There were days that I did not eat.
So when I see people who are struggling, homeless and broke and begging for money, or laid off from their jobs and using food stamps to get by, I really do feel for them. I know what it’s like, that hopelessness and desperation that drives you to impossible measures.
Which is why what I have been seeing lately has really pissed me off.
Driving to school, I pass through an area of highway overpasses where a lot of homeless people hang out and ask for handouts from the cars that are passing on their way into the city. I have no problem with this, and often times if I have some extra food with me or a bit of loose change, I will stop and help them out. About two weeks ago as I was turning off at my usual spot I saw an older man with a hand-drawn cardboard sign, claiming that he was homeless and that any little bit would help. I was tempted to stop and give him the granola bars I had planned to take to school when I noticed something that stopped me.
The man was smoking. And I don’t mean he had caught fire or something, I mean he was puffing away on a cigarette. I thought at first that maybe someone had given him the cigarette as charity, perhaps to help kill the hunger pangs, but as I waited at the red light, he tossed away the butt of the first and then pulled out an entire pack and lit up a second.
Now your average pack of cigarettes in Utah costs about six or seven dollars. To an average person that might not seem like a ton, but when you don’t even have the money for groceries, seven dollars can be a loaf of bread and jar of peanut butter that can feed you for days. Hell, if you’re feeling spendy, that’s enough for a foot-long sandwich at Subway, and even that could easily make two meals. Meaning that this man was out and asking for money, while he was spending what he had on cigarettes.
But it was only one man, perhaps someone who was lazy and just wanted to scam on people’s sense of humanity. There are people like that in the world unfortunately, but they are still the minority. Right?
Well over the last two weeks, I started paying more attention to the people I saw hovering around the intersections with their cardboard signs. The more I watched, the more I saw it happening. Someone begging for help while casually burning away those seven dollars of tobacco and nicotine and god knows what other horrible things are in there. What I thought was a minority had become a majority. In two weeks, I only saw three people not smoking while asking for handouts, and my cynical mind can’t help but wonder if maybe I just happened passed during a break in their chain.

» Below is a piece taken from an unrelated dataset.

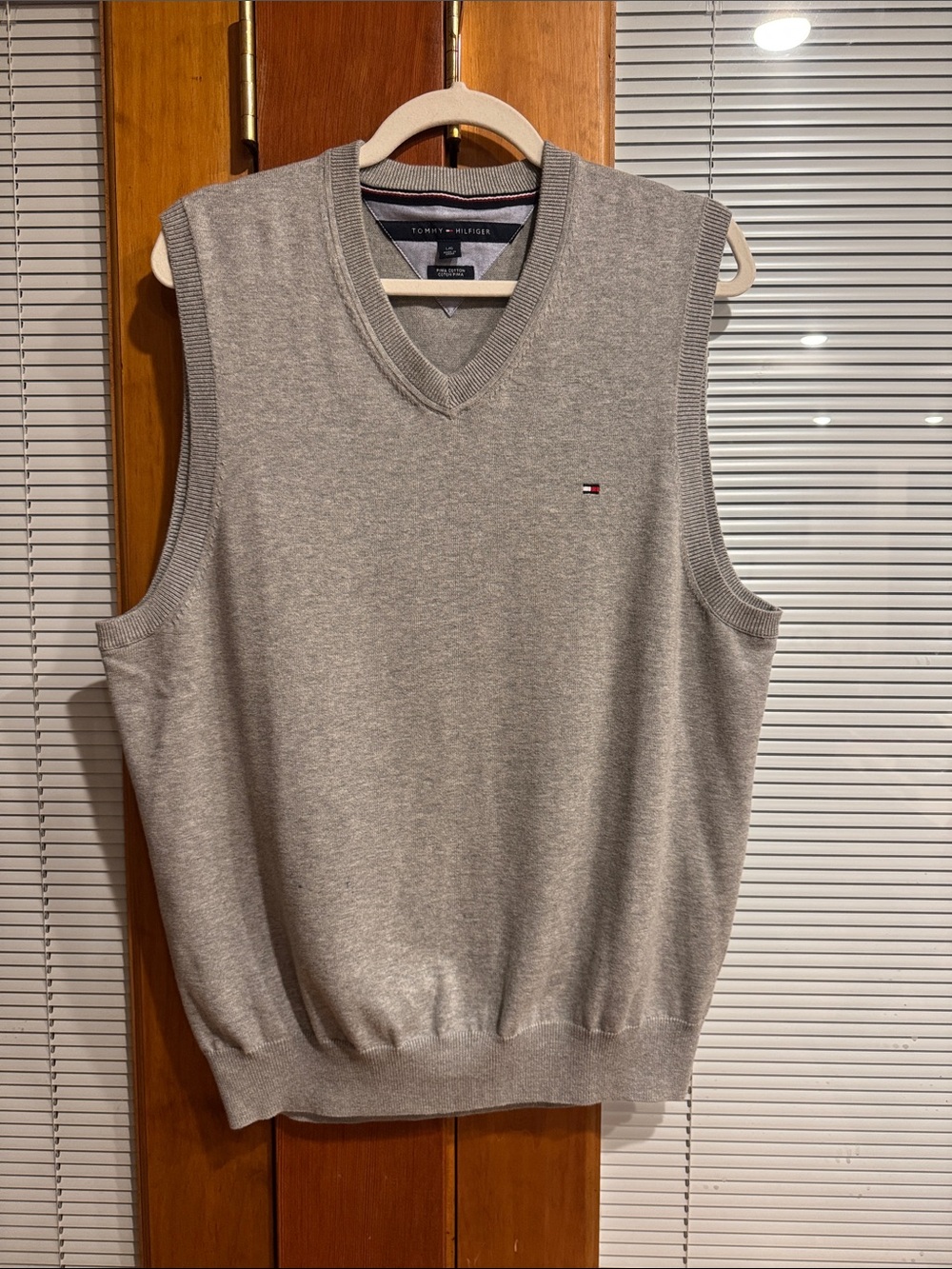 Tommy Hilfiger Light Gray V-Neck Sweater Vest Large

This isn’t the first time I’ve encountered people who clearly have a serious disorganisation of importance though. A few years back I worked at a gas station convenience store that accepted food stamps. A bit weird, in my opinion, since convenience store food is inevitably twice what it costs at grocery stores, but I figured people had their reasons. Maybe they just needed a gallon of milk and since the town’s grocery store is closed on Sundays we might have been the only option. And things like that did happen every once in a while.
The majority of the food stamps uses I saw, however, were for things that I would not consider essential food items. Soda pops, candy, baked sweets, ice creams… The list was endless. Worst of all, people would use those food stamps on stockpiling soda and candy, and then scraping together all of their cash to purchase alcohol and cigarettes, purely because it’s not legal to buy them with the food stamps. These people were using their money to buy luxuries, and then spending our tax money on feeding themselves.
I don’t know about you, but these choices seem a bit backwards to me. I mean, I’m not a huge believer in Maslow’s Hierarchy of Needs since there are some obvious flaws in it, but when I was barely making ends meet, my concerns were on food and health, not my vices like soda pop and shoe shopping.
In summary, I guess all I’m saying is that I have no problem with helping people out so long as I know that they are going to actually do something good with that money I give them. I would be willing to give a starving person my own packed lunch if they needed it. I just don’t like the idea that my charity and compassion is being wasted on sustaining people’s illogical and unhealthy habits.
Seriously, people, they’re called priorities. Get some.